As you can see these are cumulative, so teams may practice Continuous Integration but may not practice Continuous Delivery or Continuous Deployment. It is also nearly impossible to practice Continuous Deployment unless you also follow Continuous Delivery and Continuous Integration.

It’s also worth mentioning the “3 Ways of DevOps” these were popularised by the highly successful book The Phoenix Project. The 3 Ways are:

  1. Flow/Systems Thinking
  2. Amplify Feedback Loops
  3. Culture of Continual Experimentation and Learning

Using Scrum and DevOps Together

Now that we’ve talked about what Scrum and DevOps are (or at least highlighted some of the relevant and key parts of each) I want to discuss whether these concepts can work in harmony together.

The first aspect to address is the Scrum concept of an increment. The Scrum Guide says that each team should produce at least one increment of “Done” software which is potentially releasable to production each sprint. I believe that the three concepts of Continuous Integration, Continuous Delivery, and Continuous Deployment are not only compatible, they are the natural evolution of this requirement.

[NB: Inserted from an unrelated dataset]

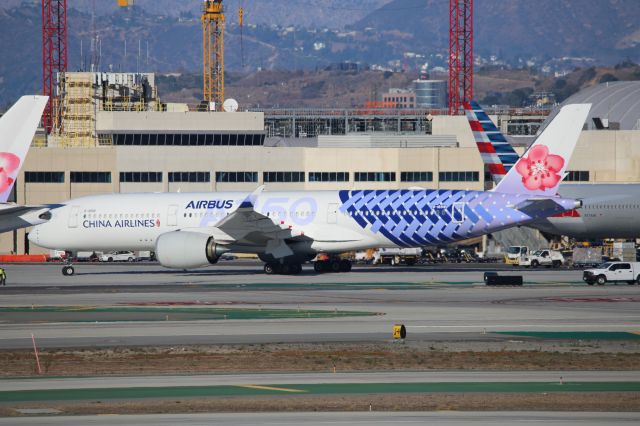 Airbus A350-900 (B-18918)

If an engineering team is following CI, CD, and the other CD then each day (or less) a piece of work should be added to master. This means that a typical team of 7 engineers working a standard two week sprint could easily produce seventy or more increments in a single sprint. They key here is that by breaking down the Scrum Product Backlog Items down into single pieces of work which can be individually developed with a single day and then tested in isolation. This is not easy, however with practice and strong story splitting skills it can be done.

It’s also worth mentioning the Definition of Done. The Scrum Guide states that each increment must meet the Defintion of Done. Continuous Delivery states that the master branch should be always be in a deployable state. What a high performing Scrum/DevOps team should do is write automated tests which execute against incoming pull requests into their master branch to confirm that it always meets the agreed Definition of Done. This not only reduces the amount of repetitive testing work expected of the team but it highlights immediately when a proposed increment does not meet the team’s Definition of Done. If it doesn’t, it’s not merged in.

Maybe DevOps and Scrum aren’t incompatible after all? Photo by Blue Bird on Pexels.com

Before wrapping up I also want to consider the 3 Ways of DevOps I discussed above.

By building the Definition of Done into the Deployment Pipeline of the product we support the 1st Way by ensuring that the requirements of the team are baked into the pipeline.

The 2nd Way is to shorten feedback loops. Scrum emphasises the value of engaging with stakeholders frequently to ensure that they are involved and know the current state of the product. Scrum is also based on empirism, the belief that only we can only make estimates by looking at real data, by valuing the 2nd Way and shortening those feedback loops wherever possible this gives us a more accurate picture of what impact our changes have had. Simply put, this more accurate view provides the transparency we need to inspect and adapt. These are the three pillars of empirism.

Scrum also defines an event, the Retrospective where team members should meet to discuss ways to improve the quality and effectiveness of the team. This fosters the experimentation and innovation expected of the 3rd Way. These ideas aren’t working against each other. Scrum is providing events to ensure that the DevOps approaches are being honoured.

Conclusion

DevOps is often seen as a Scrum upgrade or perhaps a replacement to the agile framework. However it shouldn’t be. I believe that many of the automation and development strategies of DevOps are the natural evolution of Scrum principles and fit very neatly into any team already using the process.

With automated tests continuously testing each increment to guarantee that it meets the team’s Definition of Done increments can become smaller and a continuous flow of high value work can be delivered with shorter lead times and higher quality.